« Back to publications

Threatening Language Detection and Target Identification in Urdu Tweets

Maaz Amjad, Noman Ashraf, Alisa Zhila, Grigori Sidorov, Arkaitz Zubiaga, Alexander Gelbukh

IEEE Access. 2021.

Download PDF fileAccess publication
Automatic detection of threatening language is an important task, however, most of the existing studies focused on English as the target language, with limited work on low-resource languages. In this paper, we introduce and release a new dataset for threatening language detection in Urdu tweets to further research in this language. The proposed dataset contains 3,564 tweets manually annotated by human experts as either threatening or non-threatening.
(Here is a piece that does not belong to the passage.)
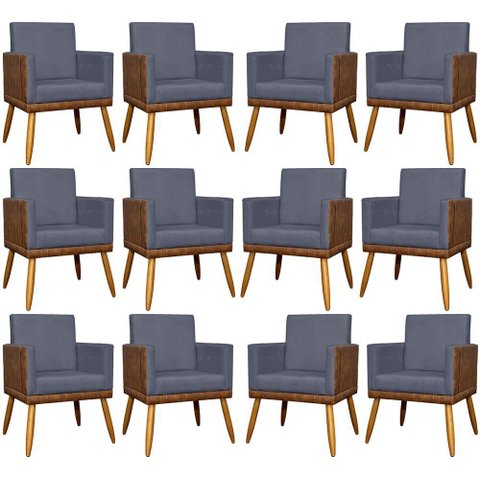 Kit 12 Poltronas Decorativas para Escritório Lis Corino e Pé Palito - Cinza Suede Corino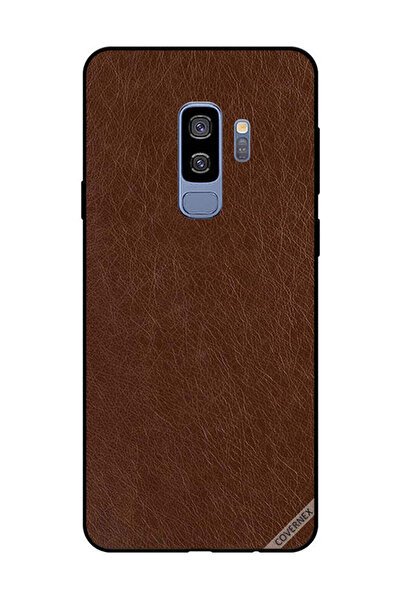 Covernex غطاء حماية لهاتف سامسونج جالاكسي S9 بلس بنمط جلدي بني داكن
The threatening tweets are further classified by the target into one of two types: threatening to an individual person or threatening to a group. This research follows a two-step approach: (i) classify a given tweet as threatening or non-threatening and (ii) classify whether a threatening tweet is used to threaten an individual or a group. We compare three forms of text representation: two count-based, where the text is represented using either character n-gram counts or word n-gram counts as feature vectors and the third text representation is based on fastText pre-trained word embeddings for Urdu. We perform several experiments using machine learning and deep learning classifiers and our study shows that an MLP classifier with the combination of word n -gram features outperformed other classifiers in detecting threatening tweets. Further, an SVM classifier using fastText pre-trained word embedding obtained the best results for the target identification task.